To the Editor:
Roxbury’s 1999 Plan of Conservation and Development and 2010 amendment are on the town website. Residents who participated in the surveys valued the rural character, low density pattern and open space. The town and land trust strive to preserve the natural features and protect open space.
The plan encouraged interconnection of open space areas, and at the same time, encouraged housing diversity to address the needs of the elderly and affordable housing.
Every 10 years the POCD is updated and revised and is supposed to address both conservation and development. After reading Adam Gopnik in the New Yorker this week about urban renewal, I was inspired to compare it to rural planning.
He said, “The problem of building new housing [which implies smaller minimum lot size, smaller houses or multiple units like apartments or condos] is that it is discussed in terms of plans, zones and tax revenue, when it is also an aesthetic and architectural one.

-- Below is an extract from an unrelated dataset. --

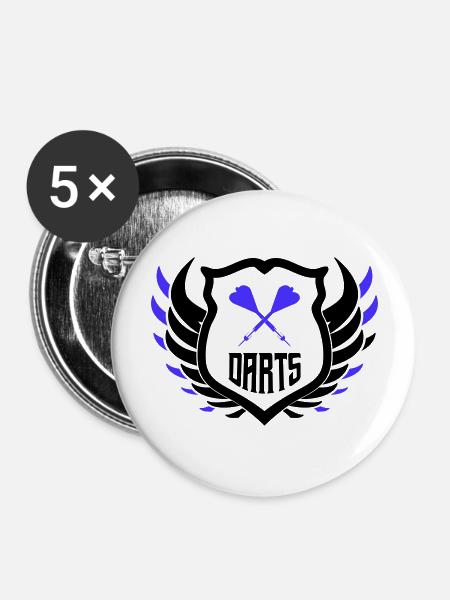 darts crest - Buttons groß 56 mm (5er Pack) - Weiß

“Changing zoning laws to provide for multi-family housing may serve many, but only by breaking down the reasons that the many want to be there in the first place. If we knew how to make new building better, we would accept new buildings more. In NYC, the current administration’s public housing initiatives tend to involve rehab more than new construction.”
Roxbury has scores of houses on the market for sale in every price category. Problems can be solved by conservation and adaptive reuse of the existing houses. And development does not have to mean housing, but remodeling existing houses.
The Baby Boom’s children, called the Boomlet, are beginning to have children now. We may not reverse the trend of young people moving to the cities. But we will have affordable houses for aging in place and for an anticipated number of young families who leave the city for affordable houses.